§ **TASK BRIEF**
An exact reproduction of all entries is expected.
====== GIVEN RECORDS ======
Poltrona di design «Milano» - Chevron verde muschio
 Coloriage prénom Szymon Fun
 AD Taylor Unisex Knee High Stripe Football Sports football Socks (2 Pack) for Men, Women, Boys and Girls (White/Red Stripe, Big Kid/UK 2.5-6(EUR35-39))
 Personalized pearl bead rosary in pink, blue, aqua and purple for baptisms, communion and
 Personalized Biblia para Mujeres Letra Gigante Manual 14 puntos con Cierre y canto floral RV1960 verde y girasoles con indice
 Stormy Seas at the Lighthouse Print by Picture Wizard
======
§ **RESPONSE BOX**
Poltrona di design «Milano» - Chevron verde muschio
 Coloriage prénom Szymon Fun
 AD Taylor Unisex Knee High Stripe Football Sports football Socks (2 Pack) for Men, Women, Boys and Girls (White/Red Stripe, Big Kid/UK 2.5-6(EUR35-39))
 Personalized pearl bead rosary in pink, blue, aqua and purple for baptisms, communion and
 Personalized Biblia para Mujeres Letra Gigante Manual 14 puntos con Cierre y canto floral RV1960 verde y girasoles con indice
 Stormy Seas at the Lighthouse Print by Picture Wizard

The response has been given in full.